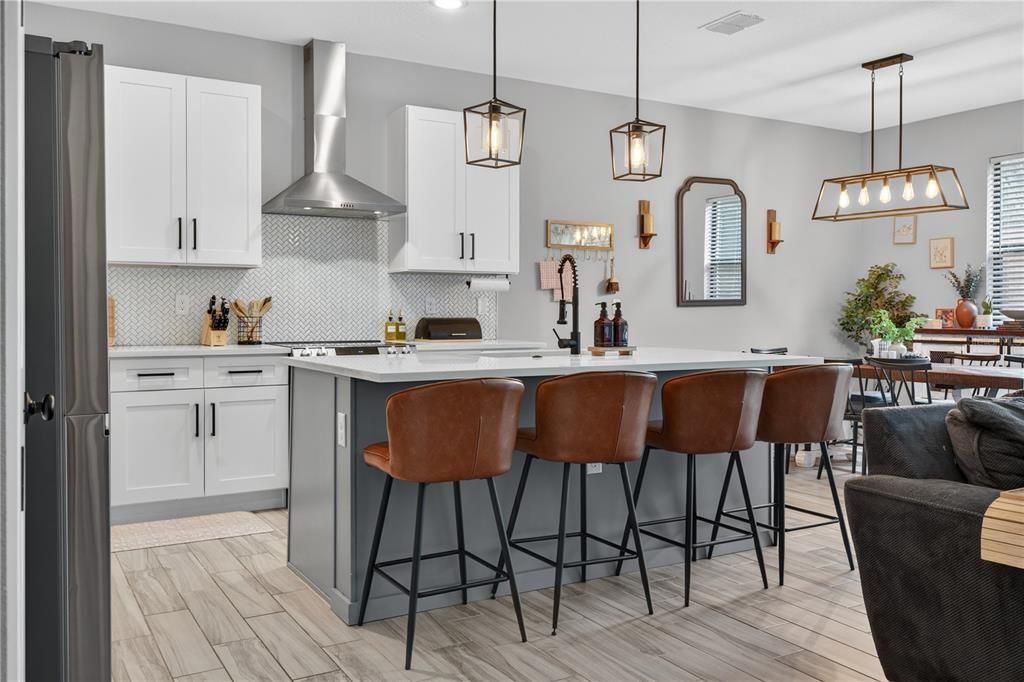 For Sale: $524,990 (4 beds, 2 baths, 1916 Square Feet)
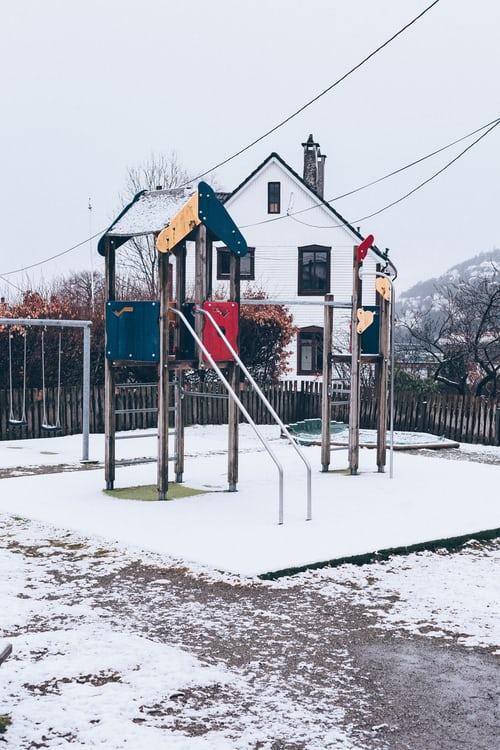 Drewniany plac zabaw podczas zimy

☆ ☆ ☆

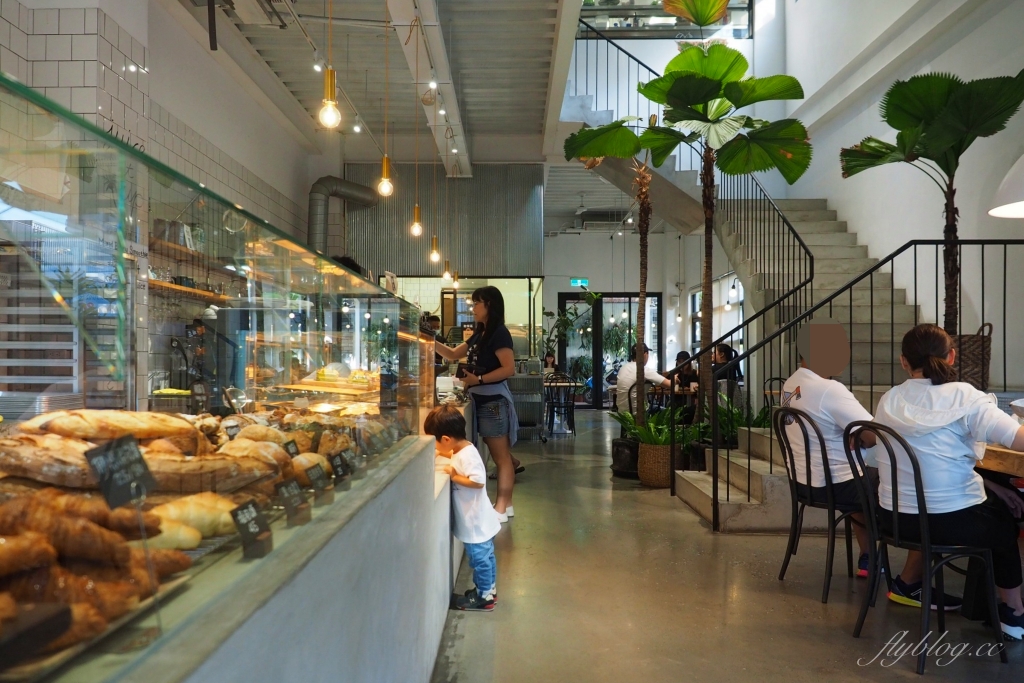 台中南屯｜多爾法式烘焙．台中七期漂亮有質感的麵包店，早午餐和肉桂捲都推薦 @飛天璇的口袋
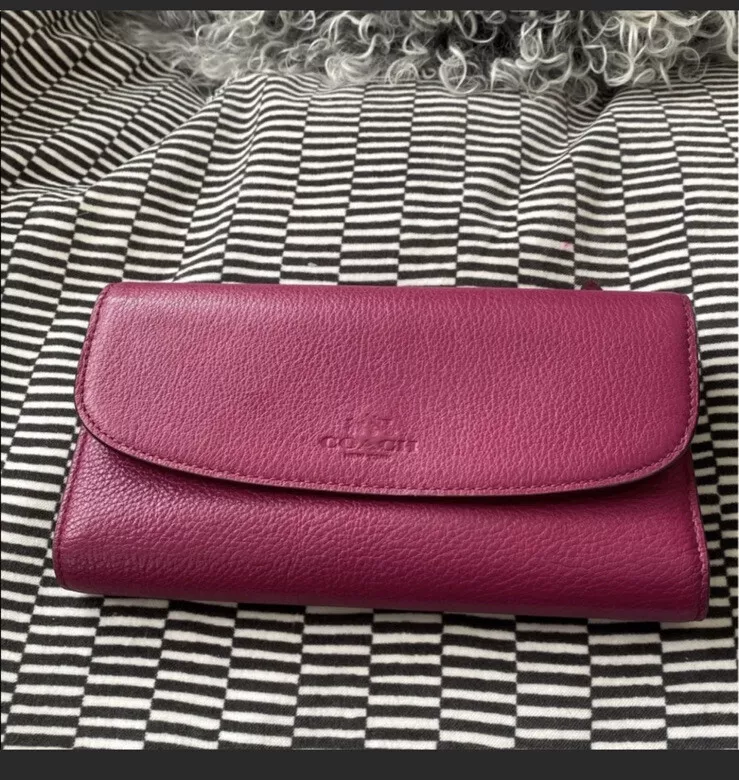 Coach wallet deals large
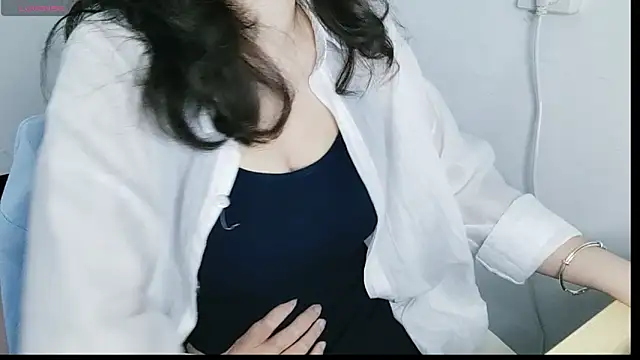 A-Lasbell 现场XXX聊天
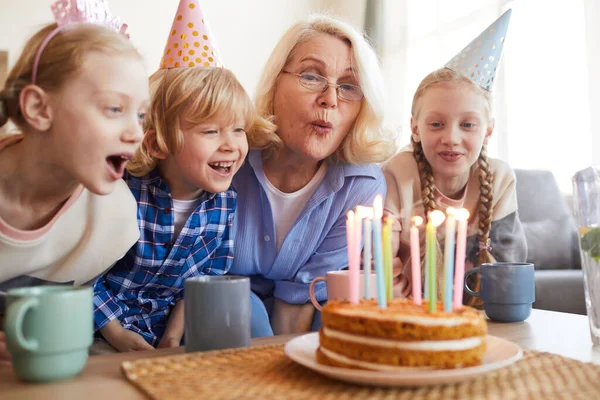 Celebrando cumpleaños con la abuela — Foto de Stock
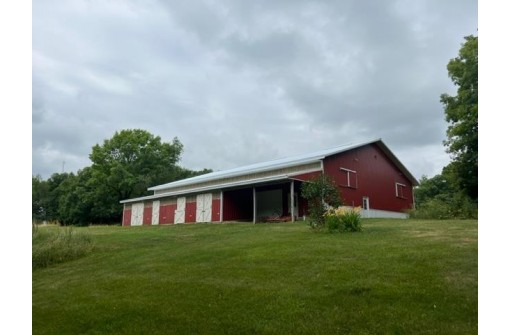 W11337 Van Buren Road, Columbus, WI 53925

☆ ☆ ☆

Assigned task ▸
Beginning at the line above that contains "Celebrando cumpleaños con" and going on through the line that contains "W11337 Van Buren Road, Columbus, WI 53925", please copy every line exactly, leaving the pictures out and adding nothing.

Task result ▸
 Celebrando cumpleaños con la abuela — Foto de Stock
 W11337 Van Buren Road, Columbus, WI 53925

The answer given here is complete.